_THE PROBLEM_: The full listing, exactly as written and with no images, is the expected output.

_AVAILABLE DATA_:
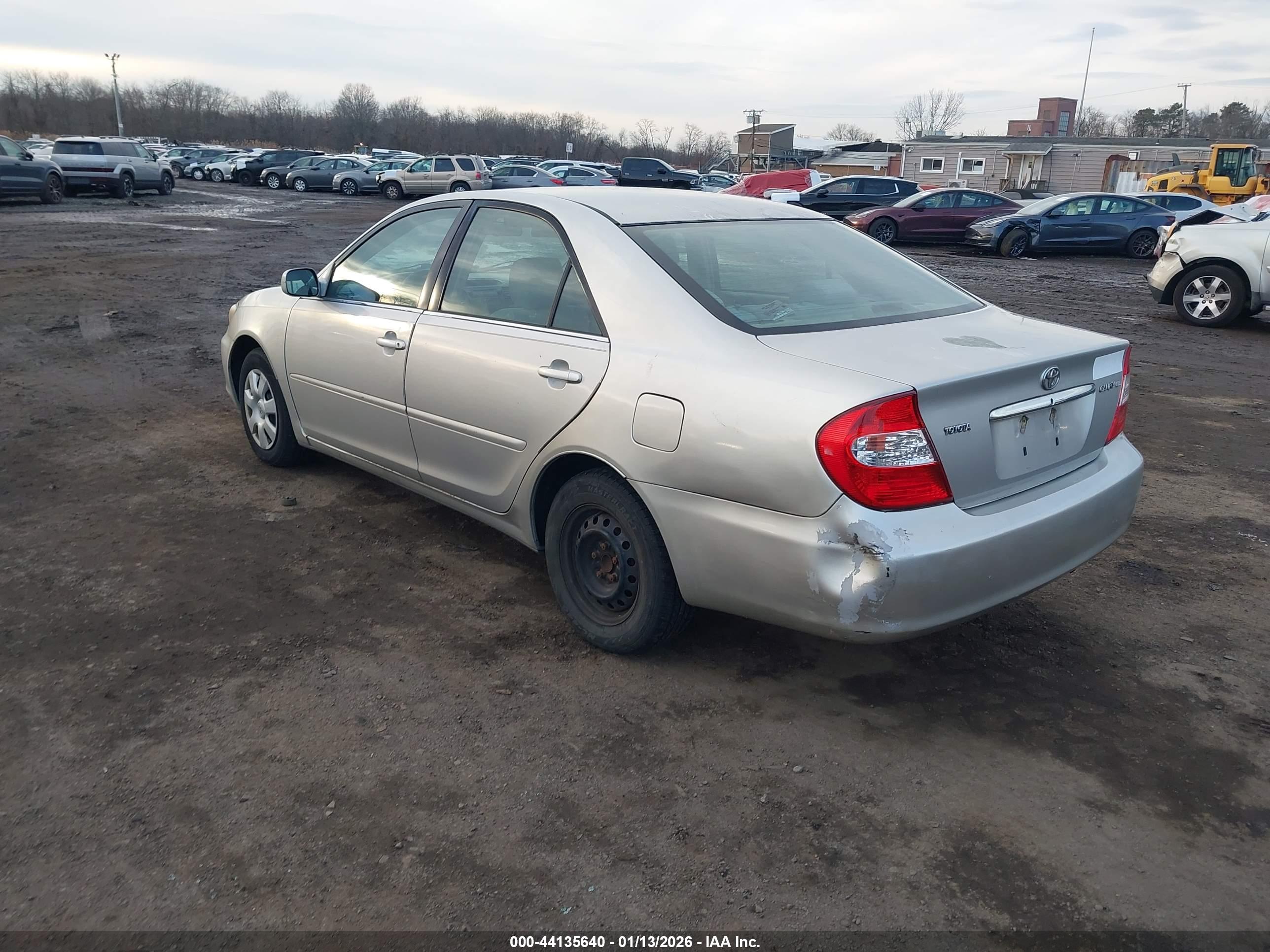 TOYOTA CAMRY image 3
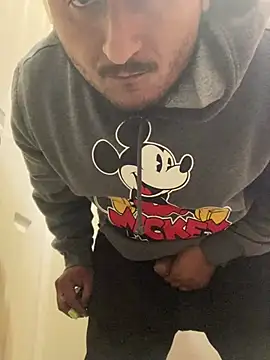 dro6969 online show from 5, 1, 2025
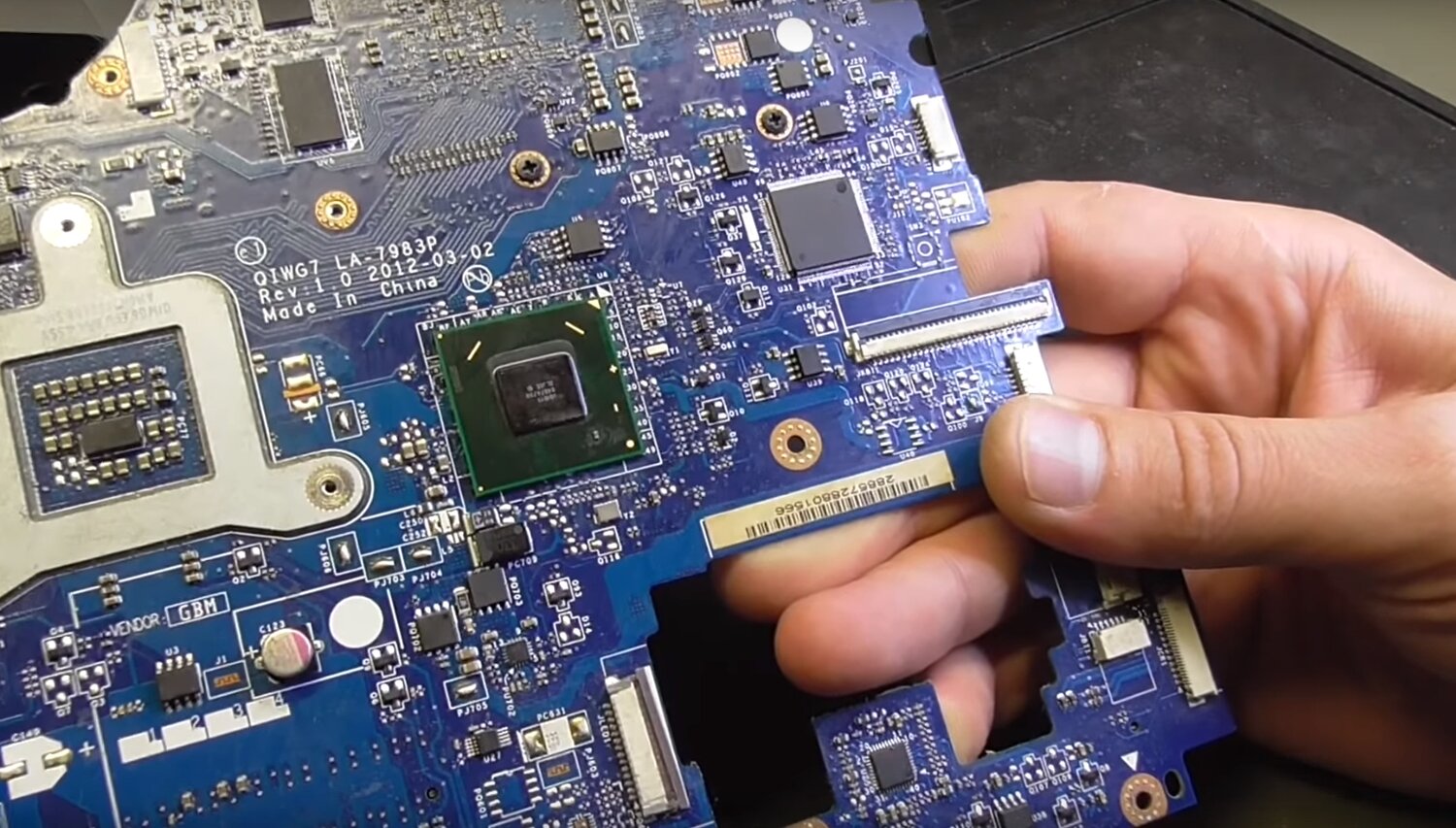 qmle4 la-8863p rev 2.0, восстановление материнской платы ноутбука, qmle4 la-8863p, деталь, материнская плата la-675ap
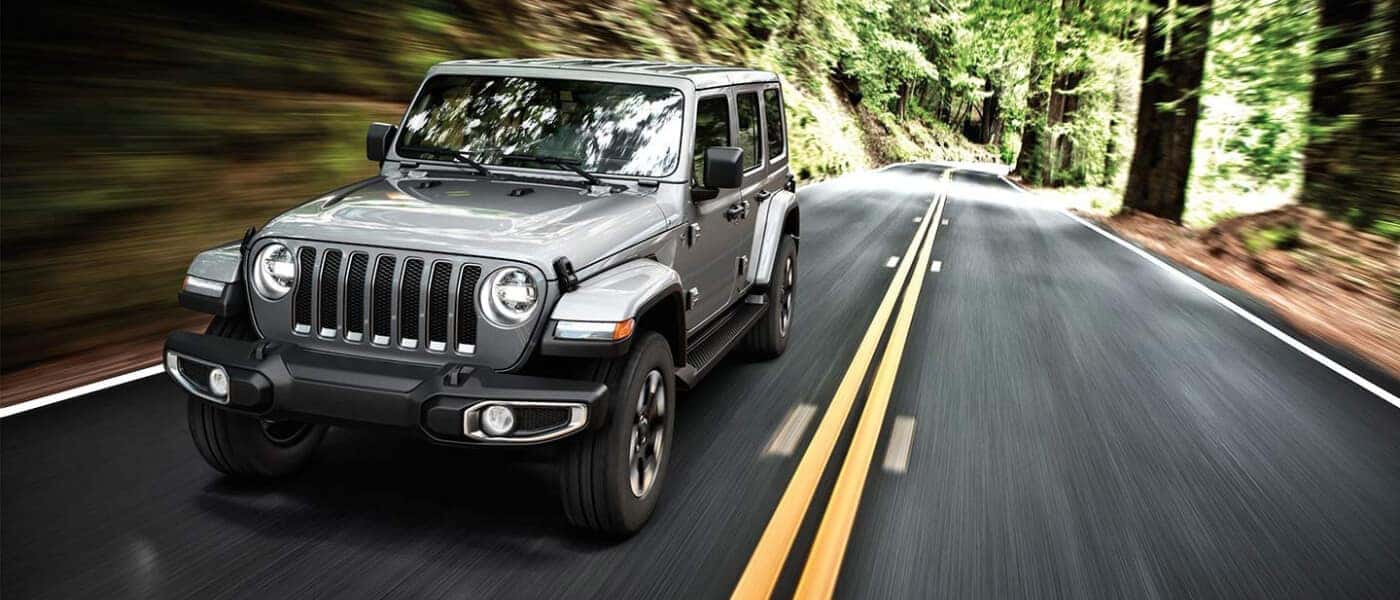 2020 Jeep Wrangler vs. 2021 Ford Bronco: Specs, Design, and Features 2020 Jeep Wrangler vs. 2021 Ford Bronco: Specs, Design, and Features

_TASK RESULT_:
 TOYOTA CAMRY image 3
 dro6969 online show from 5, 1, 2025
 qmle4 la-8863p rev 2.0, восстановление материнской платы ноутбука, qmle4 la-8863p, деталь, материнская плата la-675ap
 2020 Jeep Wrangler vs. 2021 Ford Bronco: Specs, Design, and Features 2020 Jeep Wrangler vs. 2021 Ford Bronco: Specs, Design, and Features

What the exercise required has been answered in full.